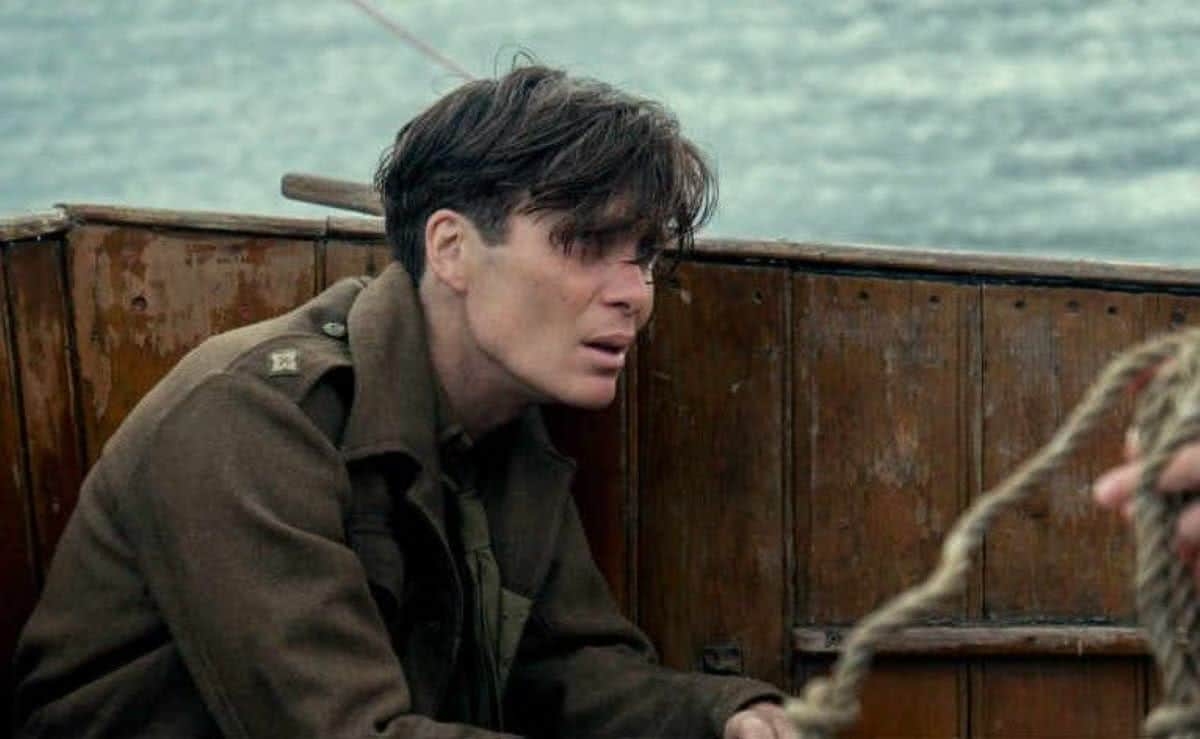 E Cillian também atuou em Dunkirk. Ele interpreta um soldado sem nome que é retirado da água depois que seu navio é destruído por um submarino alemão. Reprodução: Flipar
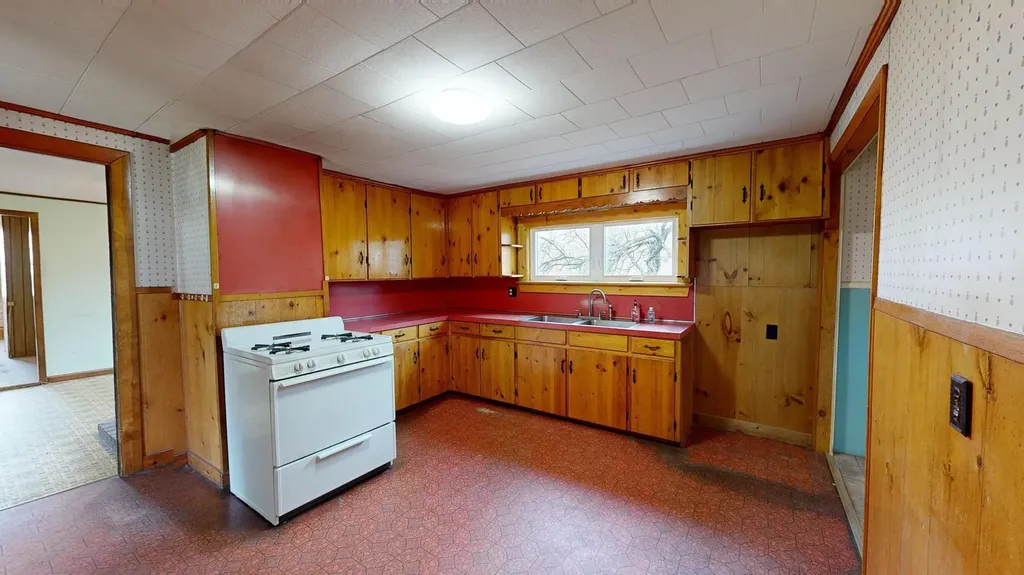 188 Pleasant Street Richmond ME 04357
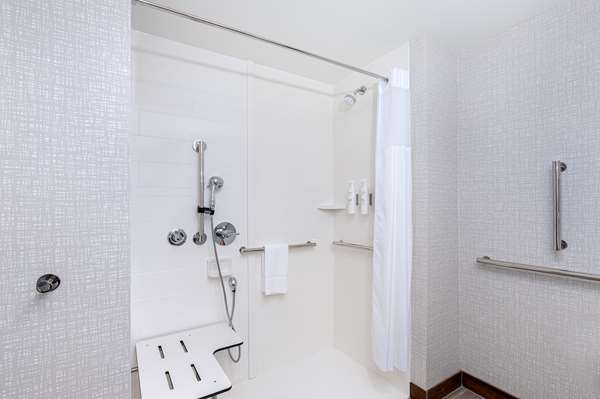  - Hampton Inn Albertville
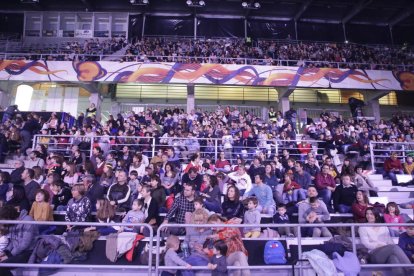 El públic també va col·laborar en la festa, al convertir el pavelló en un mar de llums amb els mòbils.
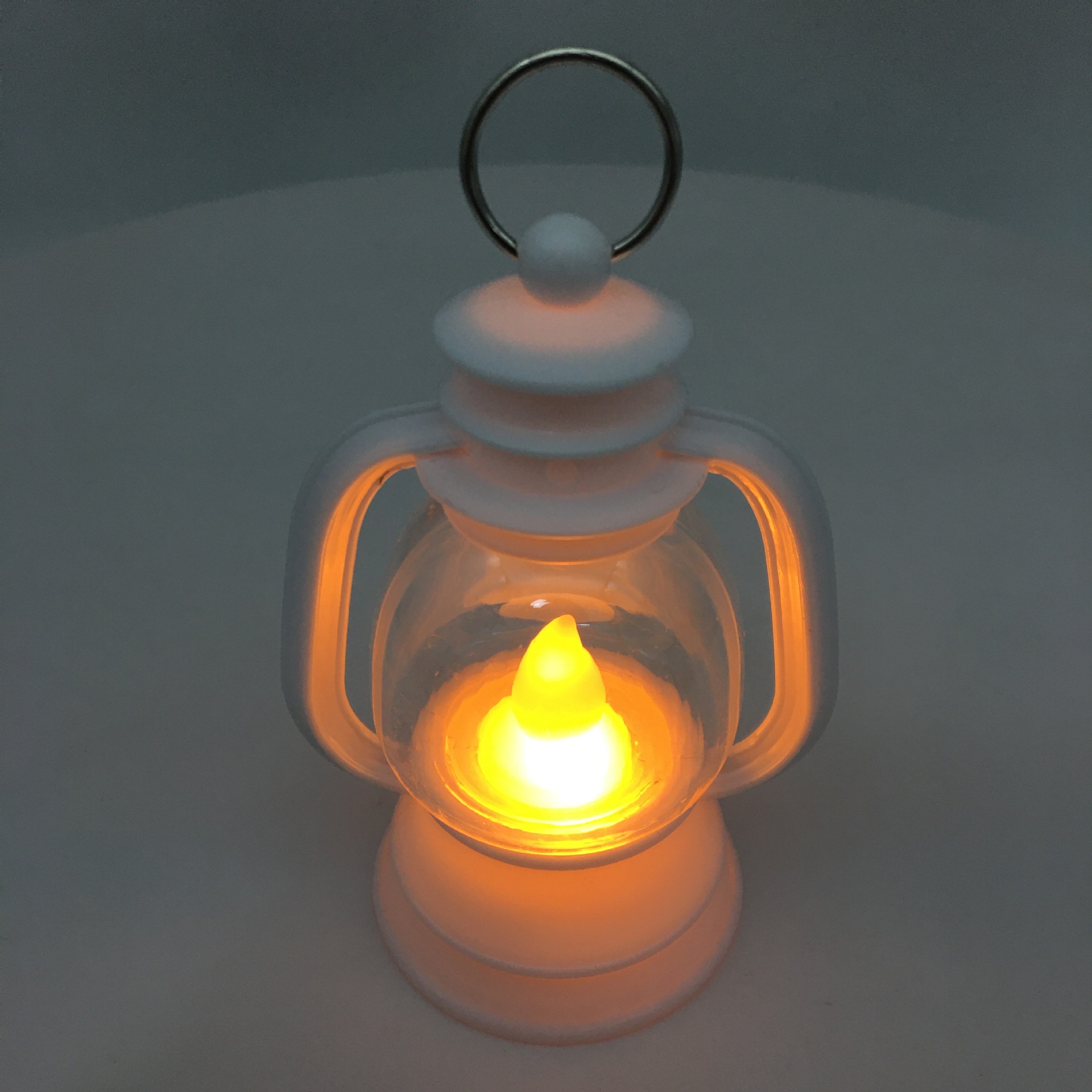 Cross-border new nostalgic and retro oil lamps, hotel counter window display scene atmosphere decoration, horse lanterns, night lights pic 8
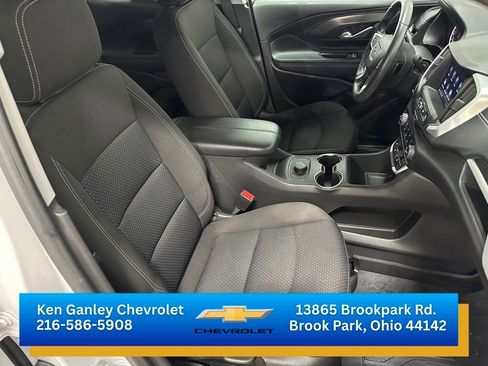 Certified 2022 GMC Terrain SLE w/ LPO, Floor Liner Package FWD image 24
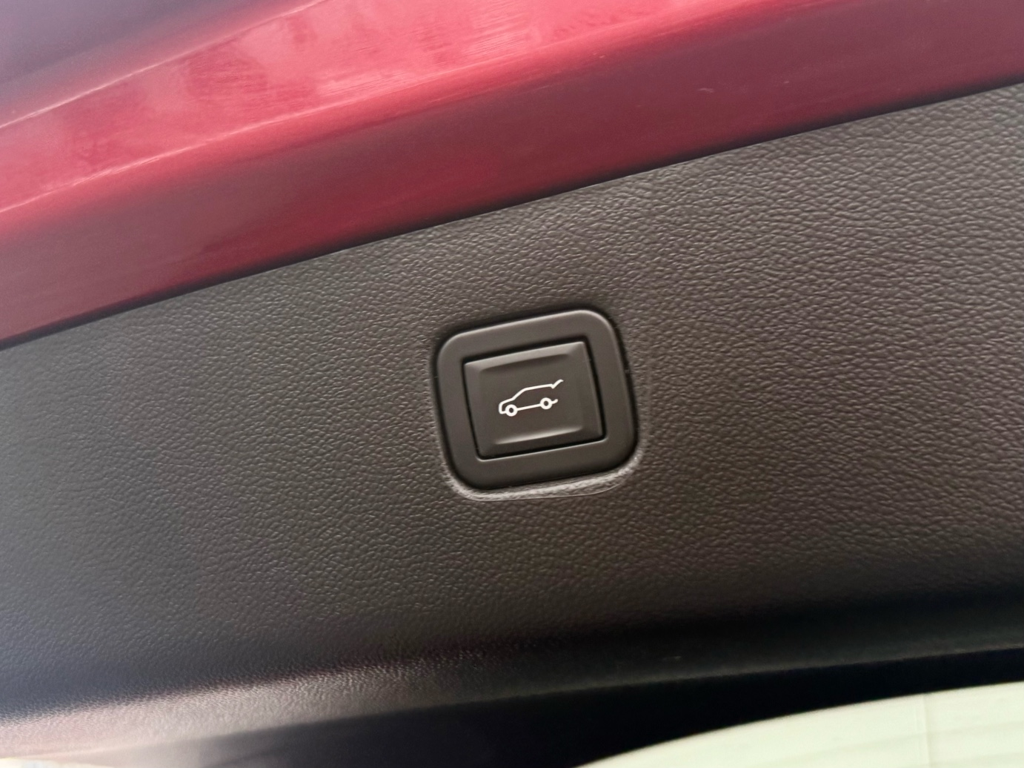 2025 Chevrolet Blazer - Gallery image 33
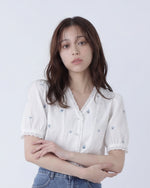 V領蕾絲滾邊刺繡泡泡袖短袖襯衫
=-=-=
• _To do_:
Each line of the listing above should be retyped exactly, with no pictures.

• _Solution_:
 E Cillian também atuou em Dunkirk. Ele interpreta um soldado sem nome que é retirado da água depois que seu navio é destruído por um submarino alemão. Reprodução: Flipar
 188 Pleasant Street Richmond ME 04357
  - Hampton Inn Albertville
 El públic també va col·laborar en la festa, al convertir el pavelló en un mar de llums amb els mòbils.
 Cross-border new nostalgic and retro oil lamps, hotel counter window display scene atmosphere decoration, horse lanterns, night lights pic 8
 Certified 2022 GMC Terrain SLE w/ LPO, Floor Liner Package FWD image 24
 2025 Chevrolet Blazer - Gallery image 33
 V領蕾絲滾邊刺繡泡泡袖短袖襯衫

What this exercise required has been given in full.